Het is dan mee de maatschappelijke rol van de VRT om te voorkomen dat die mensen – zeker zij die reeds in schulden zitten of zich in een sociaal-economisch moeilijke situatie bevinden – zich nog dieper in de moeilijkheden kunnen werken door regelmatig of buitensporig deel te nemen aan dergelijke wedstrijden. Die bedragen kunnen namelijk al snel hoog oplopen. Op basis van de antwoorden van de minister heb ik nog een aantal bijkomende vragen.
Minister, in het gegeven antwoord kwam aan het licht dat de persoonsgegevens door de respectievelijke netten in een database worden bijgehouden, maar dat er niet wordt geregistreerd hoeveel sms’jes er binnenkomen per gsm-nummer. Zou er geen minimale restrictie of opvolging moeten gebeuren in het belang of ter bescherming van die deelnemers?

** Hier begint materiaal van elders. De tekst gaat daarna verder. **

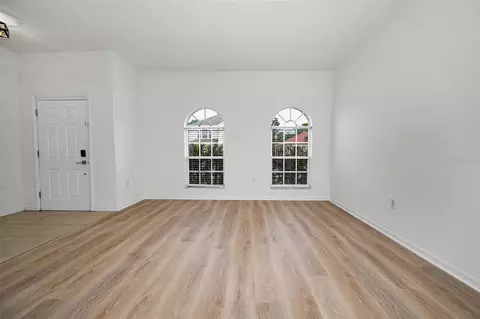 Living - 10643 Eveningwood Ct, Trinity, FL 34655 photo 2 of 7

Indien eenzelfde nummer meerdere betalende interacties aangaat, zou er dan geen melding kunnen worden gestuurd naar die personen? U had in uw antwoord ook verwezen naar het wedstrijdreglement dat de VRT hanteert, dat er voor elke wedstrijd maar één sms geldt als deelname.
Momenteel kunnen mensen vaak slechts maar één keer deelnemen aan een wedstrijdvraag. Nadien worden die sms’en niet meer meegeteld. Betalen ze dan nog wel voor de extra interacties die ze aangaan of worden die kosten niet aangerekend?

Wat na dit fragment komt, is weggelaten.